Ballast Intellij Plugin

Overview

Ballast has an official Intellij plugin which offers several useful tools for developing applications with Ballast:

  • Real-time inspection of the status and data within all ViewModel features
  • Time-travel debugging
  • Templates for creating new Ballast components

The plugin is still in its early days of development, but will be gaining more features and additional configuration settings as time goes on. This page documents how to install and use all the features of the Intellij plugin, while the Ballast Debugger page shows how to install the debugger into your application so it can connect to the plugin.

Usage

Debugger

The following videos show some example usage of the debugger

Connecting to the debugger

Once installed, a new "Ballast Debugger" tool window will be added to the bottom-right of the IDE, which can be opened to start the debugger. The debugger communicates via websockets to client applications that have the Ballast Debugger interceptor installed. The debugger communicates over localhost on port 9684, which can be changed from within the Preferences dialog. For desktop and other applications not running in a virtual machine, you can connect using the normal loopback interface at 127.0.0.1. Android emulators must use the emulated device's alias to the host computer's loopback at 10.0.2.2.

The debugger's websocket server will only be active for as long as the tool window is open, but the client interceptors will continually attempt to reconnect to the server if the connection is terminated (such as by closing the tool window). The clients attempt a reconnection every few seconds, and any time it needs to send an event to the server. If the tool window is open, simply by interacting with your app it will reconnect to the debugger UI in the Intellij plugin, there is no need to restart your application or force a reconnection attempt.

Once connected, the client connection will send all events from its connected ViewModels through the websocket, and be interpreted by the server and displayed in the tool window in real-time.
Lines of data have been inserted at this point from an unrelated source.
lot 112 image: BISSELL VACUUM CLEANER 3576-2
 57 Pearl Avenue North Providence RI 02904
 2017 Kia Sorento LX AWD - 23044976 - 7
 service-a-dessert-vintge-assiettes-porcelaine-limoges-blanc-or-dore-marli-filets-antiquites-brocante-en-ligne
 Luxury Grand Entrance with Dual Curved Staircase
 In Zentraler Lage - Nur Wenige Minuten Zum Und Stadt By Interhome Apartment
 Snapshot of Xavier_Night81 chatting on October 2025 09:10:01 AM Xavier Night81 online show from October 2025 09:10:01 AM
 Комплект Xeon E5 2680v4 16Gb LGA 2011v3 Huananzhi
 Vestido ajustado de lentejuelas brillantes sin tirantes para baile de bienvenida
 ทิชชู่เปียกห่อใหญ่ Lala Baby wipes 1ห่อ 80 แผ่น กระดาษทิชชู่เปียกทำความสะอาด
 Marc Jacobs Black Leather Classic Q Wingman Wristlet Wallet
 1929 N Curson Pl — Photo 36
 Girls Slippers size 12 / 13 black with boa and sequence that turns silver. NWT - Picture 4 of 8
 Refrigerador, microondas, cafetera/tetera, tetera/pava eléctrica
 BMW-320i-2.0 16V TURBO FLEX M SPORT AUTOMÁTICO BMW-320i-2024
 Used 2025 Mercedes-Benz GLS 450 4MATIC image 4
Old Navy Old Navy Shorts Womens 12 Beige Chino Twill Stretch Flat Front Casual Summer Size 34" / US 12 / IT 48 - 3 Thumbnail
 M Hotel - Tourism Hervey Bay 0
The connection will also send a heartbeat every few seconds, so you can see whether the connection is still alive, even if nothing is happening in your ViewModels.

Using the Debugger

Once connected, the connection will be assigned a UUID and added to the "Connections" dropdown, with the most recent connections at the top of the list. You can click the button to the left of the connection dropdown to clear all data from the debugger. You should typically have 1 connection per app launch, but multiple devices may be connected to the same debugger simultanously.

After selecting a connection, you can then select a ViewModel from the adjacent dropdown to browse the data in that ViewModel.

When a ViewModel is selected, a series of tabs will be displayed in the UI, for browsing the different types of data reported by the debugger client. The tab icons will be hightlighted if that type of data has anything processing. For example, You can also choose via the plugin settings to always show the Current State, or if you're using Ballast Navigation to always show the current Route.

You can select the tabs to show a list of data reported for that type, ordered by time. Some tabs (like interceptors) are only available for clients running a specific version of Ballast, since the necessary data for that tab is only supplied by clients using specifc versions of the Ballast Debugger Client.

By default, the data displayed when focusing a State, Input, or Event is the .toString() representation of the object. You may customize the text display of these objects by overriding their .toString() values, or by providing an appropriate DebuggerAdapter (such as JsonDebuggerAdapter to serialize the values to JSON using kotlinx.serialization).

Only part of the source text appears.